Quando venerdì le potenze globali si sono incontrate a Parigi con i leader libici per riaffermare il loro impegno a tenere le elezioni presidenziali e parlamentari il 24 dicembre, il dibattito sul voto si è risollevato. Resta da vedere cosa ne sarà della dichiarazione, con i leader libici ancora incapaci concordare le regole di base per lo scrutinio, su la legge elettorale che verrà adottata e sul fatto che sia le elezioni presidenziali che quelle parlamentari si svolgeranno simultaneamente.
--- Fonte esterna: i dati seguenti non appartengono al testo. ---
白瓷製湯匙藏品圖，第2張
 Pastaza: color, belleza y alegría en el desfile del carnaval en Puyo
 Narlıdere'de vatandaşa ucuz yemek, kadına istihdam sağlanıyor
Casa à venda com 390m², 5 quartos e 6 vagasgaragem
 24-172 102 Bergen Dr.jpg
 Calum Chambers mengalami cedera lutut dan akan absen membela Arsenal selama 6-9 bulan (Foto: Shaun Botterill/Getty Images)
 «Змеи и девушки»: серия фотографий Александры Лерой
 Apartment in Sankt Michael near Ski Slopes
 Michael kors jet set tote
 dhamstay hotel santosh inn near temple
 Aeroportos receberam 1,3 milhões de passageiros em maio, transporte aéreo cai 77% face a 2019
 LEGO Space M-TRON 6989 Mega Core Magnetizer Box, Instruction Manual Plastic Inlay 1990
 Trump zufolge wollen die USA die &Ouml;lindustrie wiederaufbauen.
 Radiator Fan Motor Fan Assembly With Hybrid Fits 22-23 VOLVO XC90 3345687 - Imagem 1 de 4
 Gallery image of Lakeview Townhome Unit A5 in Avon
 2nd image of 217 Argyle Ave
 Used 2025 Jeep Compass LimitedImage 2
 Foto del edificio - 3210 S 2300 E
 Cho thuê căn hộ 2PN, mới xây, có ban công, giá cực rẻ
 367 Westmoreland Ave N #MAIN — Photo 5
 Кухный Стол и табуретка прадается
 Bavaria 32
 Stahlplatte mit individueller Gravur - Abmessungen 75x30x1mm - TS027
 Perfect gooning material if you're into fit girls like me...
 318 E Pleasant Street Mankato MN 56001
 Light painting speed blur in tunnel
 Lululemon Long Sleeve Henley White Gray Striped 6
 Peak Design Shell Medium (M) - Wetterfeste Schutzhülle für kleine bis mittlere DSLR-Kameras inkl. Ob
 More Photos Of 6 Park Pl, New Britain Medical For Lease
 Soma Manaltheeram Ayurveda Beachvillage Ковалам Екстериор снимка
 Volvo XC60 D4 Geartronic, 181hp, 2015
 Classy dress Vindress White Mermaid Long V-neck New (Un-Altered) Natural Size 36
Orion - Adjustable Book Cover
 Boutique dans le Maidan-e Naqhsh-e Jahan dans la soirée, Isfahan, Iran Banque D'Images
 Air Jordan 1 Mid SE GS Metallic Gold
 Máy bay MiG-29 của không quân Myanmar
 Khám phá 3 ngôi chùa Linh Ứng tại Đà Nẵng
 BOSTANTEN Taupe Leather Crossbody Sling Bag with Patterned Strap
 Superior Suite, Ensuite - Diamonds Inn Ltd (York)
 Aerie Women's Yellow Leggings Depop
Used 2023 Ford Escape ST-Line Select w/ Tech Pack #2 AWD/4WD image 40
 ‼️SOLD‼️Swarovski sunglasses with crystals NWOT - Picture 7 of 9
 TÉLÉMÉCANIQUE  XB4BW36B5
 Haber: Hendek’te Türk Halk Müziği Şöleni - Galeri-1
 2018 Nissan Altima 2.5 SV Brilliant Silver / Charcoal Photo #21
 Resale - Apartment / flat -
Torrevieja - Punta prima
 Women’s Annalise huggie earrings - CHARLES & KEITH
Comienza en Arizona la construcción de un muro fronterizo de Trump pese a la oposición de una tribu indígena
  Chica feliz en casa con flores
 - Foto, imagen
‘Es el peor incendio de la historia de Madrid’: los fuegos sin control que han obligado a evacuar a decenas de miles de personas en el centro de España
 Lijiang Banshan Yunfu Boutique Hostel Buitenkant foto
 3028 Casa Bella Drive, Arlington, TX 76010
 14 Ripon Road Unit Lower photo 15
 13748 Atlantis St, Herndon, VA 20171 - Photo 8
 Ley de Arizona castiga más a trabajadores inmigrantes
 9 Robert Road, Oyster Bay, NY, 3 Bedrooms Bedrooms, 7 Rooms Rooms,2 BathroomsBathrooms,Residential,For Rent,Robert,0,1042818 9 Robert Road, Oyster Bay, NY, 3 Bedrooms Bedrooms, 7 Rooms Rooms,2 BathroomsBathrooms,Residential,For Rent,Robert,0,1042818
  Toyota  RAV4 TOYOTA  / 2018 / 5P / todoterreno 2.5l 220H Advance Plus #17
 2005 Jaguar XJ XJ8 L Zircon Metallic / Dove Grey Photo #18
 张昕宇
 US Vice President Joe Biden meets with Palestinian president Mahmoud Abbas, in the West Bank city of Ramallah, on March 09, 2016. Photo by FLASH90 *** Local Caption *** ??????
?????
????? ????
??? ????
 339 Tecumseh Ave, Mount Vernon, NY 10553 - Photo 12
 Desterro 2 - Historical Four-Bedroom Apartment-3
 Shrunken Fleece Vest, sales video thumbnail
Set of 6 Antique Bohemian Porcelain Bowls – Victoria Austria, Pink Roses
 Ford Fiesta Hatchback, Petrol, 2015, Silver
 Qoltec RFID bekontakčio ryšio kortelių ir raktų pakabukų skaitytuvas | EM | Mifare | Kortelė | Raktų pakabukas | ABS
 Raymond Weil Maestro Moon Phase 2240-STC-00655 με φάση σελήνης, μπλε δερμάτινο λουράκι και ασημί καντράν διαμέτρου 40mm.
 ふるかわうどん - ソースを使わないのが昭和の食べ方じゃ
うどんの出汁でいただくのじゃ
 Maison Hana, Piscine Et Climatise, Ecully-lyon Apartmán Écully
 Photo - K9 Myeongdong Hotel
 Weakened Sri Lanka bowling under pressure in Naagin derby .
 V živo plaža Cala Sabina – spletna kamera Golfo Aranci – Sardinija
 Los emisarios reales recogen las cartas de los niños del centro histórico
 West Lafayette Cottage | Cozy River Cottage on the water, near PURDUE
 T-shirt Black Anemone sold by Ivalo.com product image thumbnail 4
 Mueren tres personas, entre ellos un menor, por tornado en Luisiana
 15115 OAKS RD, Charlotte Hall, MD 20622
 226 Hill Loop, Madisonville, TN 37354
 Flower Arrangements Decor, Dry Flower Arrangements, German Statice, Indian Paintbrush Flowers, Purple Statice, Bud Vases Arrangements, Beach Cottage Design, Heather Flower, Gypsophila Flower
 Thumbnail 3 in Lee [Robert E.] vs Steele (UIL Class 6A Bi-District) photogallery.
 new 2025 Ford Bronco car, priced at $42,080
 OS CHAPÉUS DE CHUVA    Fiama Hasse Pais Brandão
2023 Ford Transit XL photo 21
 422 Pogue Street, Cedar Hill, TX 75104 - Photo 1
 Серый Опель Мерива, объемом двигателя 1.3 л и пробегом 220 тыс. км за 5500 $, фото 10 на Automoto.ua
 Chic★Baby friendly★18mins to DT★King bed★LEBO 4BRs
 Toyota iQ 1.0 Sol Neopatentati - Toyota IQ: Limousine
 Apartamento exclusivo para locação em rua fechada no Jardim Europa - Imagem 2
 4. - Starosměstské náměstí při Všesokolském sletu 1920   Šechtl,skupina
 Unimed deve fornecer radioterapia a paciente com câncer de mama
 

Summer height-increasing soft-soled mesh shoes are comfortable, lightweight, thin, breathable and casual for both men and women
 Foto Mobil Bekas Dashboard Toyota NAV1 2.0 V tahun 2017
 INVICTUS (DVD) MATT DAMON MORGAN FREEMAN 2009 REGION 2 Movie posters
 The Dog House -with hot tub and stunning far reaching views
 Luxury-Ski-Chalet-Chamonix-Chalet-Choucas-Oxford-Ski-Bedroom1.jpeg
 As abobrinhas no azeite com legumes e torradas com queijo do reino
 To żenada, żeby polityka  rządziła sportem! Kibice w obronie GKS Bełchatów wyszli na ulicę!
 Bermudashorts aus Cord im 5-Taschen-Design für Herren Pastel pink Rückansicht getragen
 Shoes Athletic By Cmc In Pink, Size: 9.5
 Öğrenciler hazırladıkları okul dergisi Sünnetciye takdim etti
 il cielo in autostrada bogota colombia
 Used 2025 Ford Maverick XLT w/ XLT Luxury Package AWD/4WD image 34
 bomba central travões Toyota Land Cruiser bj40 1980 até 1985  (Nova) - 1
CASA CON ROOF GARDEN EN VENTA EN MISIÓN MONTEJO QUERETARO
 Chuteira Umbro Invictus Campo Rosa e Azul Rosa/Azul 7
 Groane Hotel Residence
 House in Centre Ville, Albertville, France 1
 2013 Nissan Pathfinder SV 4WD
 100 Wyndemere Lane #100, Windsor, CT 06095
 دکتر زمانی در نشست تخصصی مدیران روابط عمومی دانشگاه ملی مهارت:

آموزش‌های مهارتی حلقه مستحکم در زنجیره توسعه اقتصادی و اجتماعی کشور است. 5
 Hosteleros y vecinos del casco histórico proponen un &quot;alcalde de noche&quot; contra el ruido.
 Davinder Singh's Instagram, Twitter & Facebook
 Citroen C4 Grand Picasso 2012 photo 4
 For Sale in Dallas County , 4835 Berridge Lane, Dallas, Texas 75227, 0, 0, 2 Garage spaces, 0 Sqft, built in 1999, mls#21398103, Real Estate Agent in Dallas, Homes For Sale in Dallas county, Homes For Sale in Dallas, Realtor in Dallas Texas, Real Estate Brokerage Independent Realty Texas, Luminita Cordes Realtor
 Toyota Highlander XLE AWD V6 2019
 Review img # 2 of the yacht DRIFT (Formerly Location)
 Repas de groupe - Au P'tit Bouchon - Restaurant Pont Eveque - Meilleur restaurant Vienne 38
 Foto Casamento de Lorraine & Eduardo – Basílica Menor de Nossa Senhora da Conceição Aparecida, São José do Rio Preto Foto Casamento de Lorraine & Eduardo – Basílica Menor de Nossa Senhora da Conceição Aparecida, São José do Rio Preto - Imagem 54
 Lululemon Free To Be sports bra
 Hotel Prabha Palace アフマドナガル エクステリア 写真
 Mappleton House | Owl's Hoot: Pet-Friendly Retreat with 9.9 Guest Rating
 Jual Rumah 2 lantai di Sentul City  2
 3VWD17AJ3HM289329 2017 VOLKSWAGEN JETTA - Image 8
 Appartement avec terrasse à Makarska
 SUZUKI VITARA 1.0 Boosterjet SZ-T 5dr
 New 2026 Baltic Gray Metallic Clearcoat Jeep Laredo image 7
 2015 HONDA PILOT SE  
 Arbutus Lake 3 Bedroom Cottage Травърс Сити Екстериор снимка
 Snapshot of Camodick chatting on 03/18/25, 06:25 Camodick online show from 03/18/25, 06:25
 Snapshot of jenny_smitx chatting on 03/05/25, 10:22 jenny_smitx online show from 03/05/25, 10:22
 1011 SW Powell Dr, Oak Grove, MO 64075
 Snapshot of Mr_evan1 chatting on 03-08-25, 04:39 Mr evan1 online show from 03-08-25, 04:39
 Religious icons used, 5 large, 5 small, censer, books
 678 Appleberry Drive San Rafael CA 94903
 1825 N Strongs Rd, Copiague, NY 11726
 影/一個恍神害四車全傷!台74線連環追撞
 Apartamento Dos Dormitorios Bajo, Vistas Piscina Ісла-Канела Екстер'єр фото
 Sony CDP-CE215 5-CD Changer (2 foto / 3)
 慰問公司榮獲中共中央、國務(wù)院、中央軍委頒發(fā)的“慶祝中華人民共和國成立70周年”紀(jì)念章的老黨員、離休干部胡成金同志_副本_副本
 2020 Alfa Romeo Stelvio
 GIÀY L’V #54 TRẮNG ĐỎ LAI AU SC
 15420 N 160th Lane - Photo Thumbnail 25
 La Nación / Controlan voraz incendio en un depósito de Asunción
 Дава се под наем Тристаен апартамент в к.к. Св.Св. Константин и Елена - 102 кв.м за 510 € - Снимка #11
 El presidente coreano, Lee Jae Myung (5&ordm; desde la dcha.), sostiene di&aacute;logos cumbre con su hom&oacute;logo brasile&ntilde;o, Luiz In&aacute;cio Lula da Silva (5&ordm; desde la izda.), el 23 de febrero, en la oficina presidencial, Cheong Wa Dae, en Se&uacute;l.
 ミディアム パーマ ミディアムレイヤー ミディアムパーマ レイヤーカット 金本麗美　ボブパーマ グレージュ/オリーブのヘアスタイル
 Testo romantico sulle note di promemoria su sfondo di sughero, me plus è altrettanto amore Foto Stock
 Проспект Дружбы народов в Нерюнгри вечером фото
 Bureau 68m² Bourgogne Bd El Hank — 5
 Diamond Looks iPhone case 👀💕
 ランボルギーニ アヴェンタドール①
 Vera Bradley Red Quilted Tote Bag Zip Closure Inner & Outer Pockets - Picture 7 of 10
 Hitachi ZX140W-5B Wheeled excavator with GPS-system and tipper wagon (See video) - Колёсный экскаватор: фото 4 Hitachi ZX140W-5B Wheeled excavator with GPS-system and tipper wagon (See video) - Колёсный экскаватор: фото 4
Il presidente del consiglio libico, Mohamed Menfi, ha dichiarato a Parigi di essere favorevole allo svolgimento delle elezioni presidenziali del 24 dicembre, ma il primo ministro del paese, Abdul Hamid Dbeiba, non si è esposto in merito. Dbeiba ha detto che ha intenzione di candidarsi alla presidenza, nonostante precedentemente avesse sostenuto il contrario. Altri probabili candidati includono il comandante militare Khalifa Hifter , che guida le forze orientali della Libia, il presidente del Parlamento, Aguila Saleh, e l’ex ministro degli interni Fathi Bashagha.

Gheddafi, che è stato ripreso in un video domenica mentre presentava le carte per la sua candidatura nella città meridionale di Sabha indossando un abito tradizionale e un turbante libico in quella che è stata la sua prima apparizione pubblica tra i libici da anni, potrebbe essere lo sfidante più temibile.

Vittoria o no, il ritorno di Gheddafi è visto come una conseguenza del cambiamento dei tempi in Libia da quando i ribelli hanno catturato e ucciso suo padre nel 2011. Mentre la guerra civile ha travolto il paese dividendolo tra governi rivali orientali e occidentali, Gheddafi è rimasto prigioniero, ricercato (come è tuttora) dalla Corte penale internazionale con l’accusa di crimini di guerra commessi durante la rivolta.

Emadeddin Badi, analista libico, ha twittato domenica che “una tela piuttosto deprimente” era stata dipinta per le elezioni, osservando che i candidati ora includevano qualche ricercato dalla Corte penale internazionale (Gheddafi) e “un signore della guerra” (Hifter), che è stato citato in giudizio in un tribunale americano con l’accusa di aver torturato i libici durante la guerra.

Le accuse contro Gheddafi e Hifter hanno portato domenica il procuratore militare libico ad annunciare di aver chiesto alla commissione elettorale nazionale di sospendere entrambe le candidature fino a quando non fossero state approvate. La commissione non aveva risposto entro domenica sera.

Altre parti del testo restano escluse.